-------- Extracted records

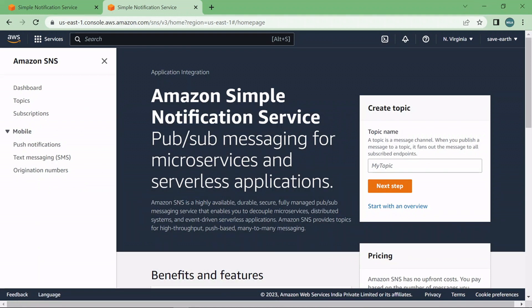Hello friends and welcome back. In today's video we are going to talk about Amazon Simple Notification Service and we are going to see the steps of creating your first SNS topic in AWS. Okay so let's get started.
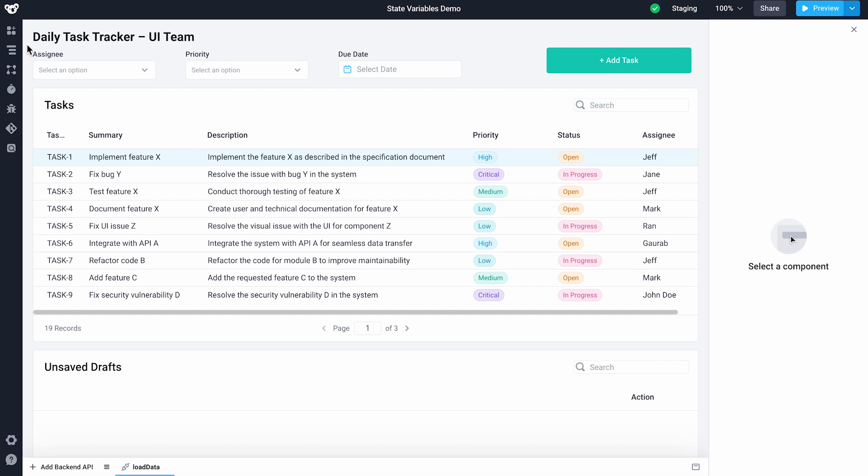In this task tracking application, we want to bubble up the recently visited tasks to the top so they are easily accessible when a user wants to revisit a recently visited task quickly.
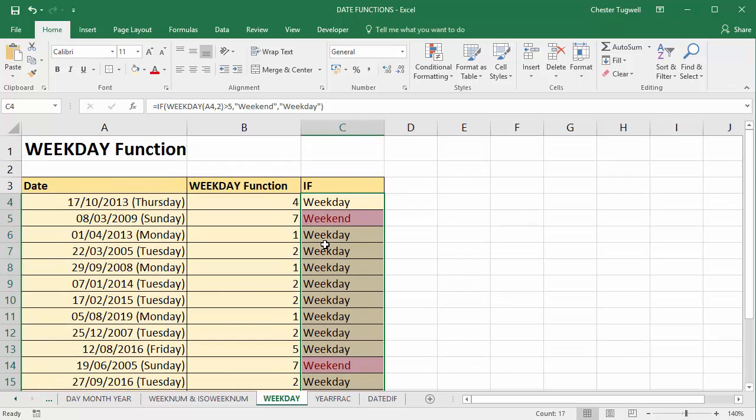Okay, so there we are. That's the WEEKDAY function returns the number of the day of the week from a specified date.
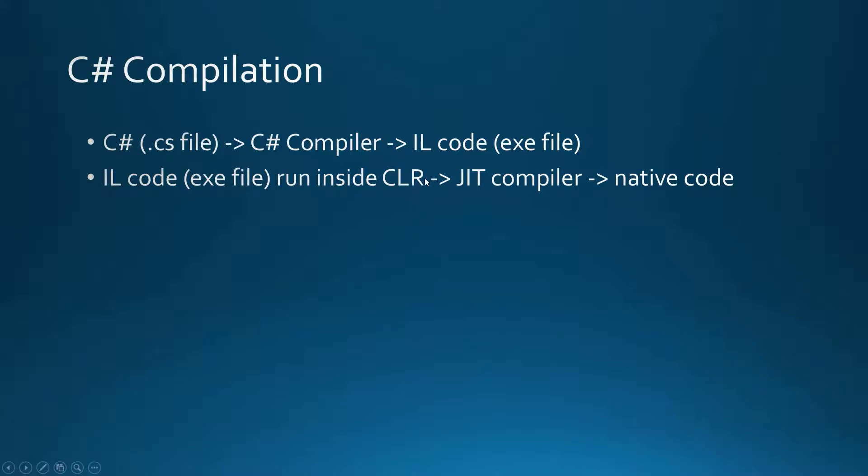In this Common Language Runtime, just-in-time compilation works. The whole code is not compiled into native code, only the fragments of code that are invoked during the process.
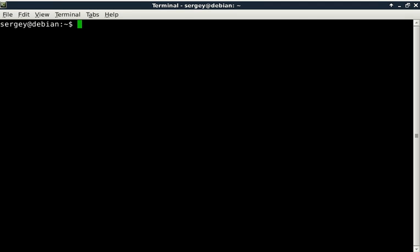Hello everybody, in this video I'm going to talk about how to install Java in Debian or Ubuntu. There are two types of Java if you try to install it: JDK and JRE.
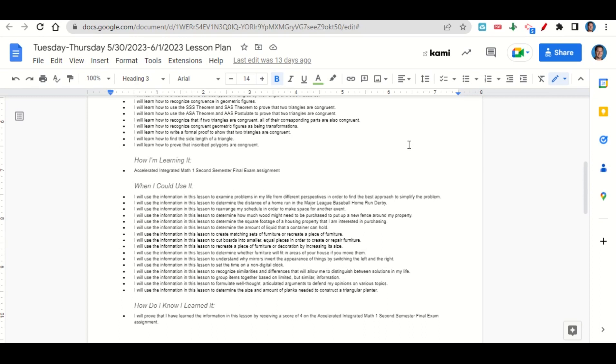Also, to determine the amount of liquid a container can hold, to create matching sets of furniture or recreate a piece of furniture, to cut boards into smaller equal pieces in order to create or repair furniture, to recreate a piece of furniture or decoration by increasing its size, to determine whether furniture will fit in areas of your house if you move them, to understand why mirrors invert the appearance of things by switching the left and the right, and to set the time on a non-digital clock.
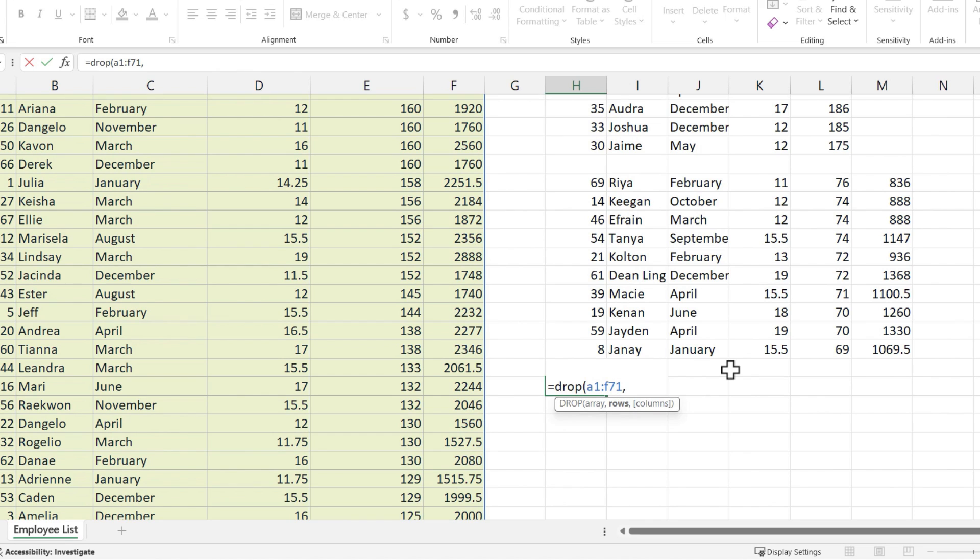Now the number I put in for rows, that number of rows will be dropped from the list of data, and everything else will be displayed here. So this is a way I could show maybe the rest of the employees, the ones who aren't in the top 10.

----------------

What needs to be done
No pictures should appear in the copy. Print exactly the lines above from the line containing "In this Common" through the last line of the data.

Final answer
In this Common Language Runtime, just-in-time compilation works. The whole code is not compiled into native code, only the fragments of code that are invoked during the process.
Hello everybody, in this video I'm going to talk about how to install Java in Debian or Ubuntu. There are two types of Java if you try to install it: JDK and JRE.
Also, to determine the amount of liquid a container can hold, to create matching sets of furniture or recreate a piece of furniture, to cut boards into smaller equal pieces in order to create or repair furniture, to recreate a piece of furniture or decoration by increasing its size, to determine whether furniture will fit in areas of your house if you move them, to understand why mirrors invert the appearance of things by switching the left and the right, and to set the time on a non-digital clock.
Now the number I put in for rows, that number of rows will be dropped from the list of data, and everything else will be displayed here. So this is a way I could show maybe the rest of the employees, the ones who aren't in the top 10.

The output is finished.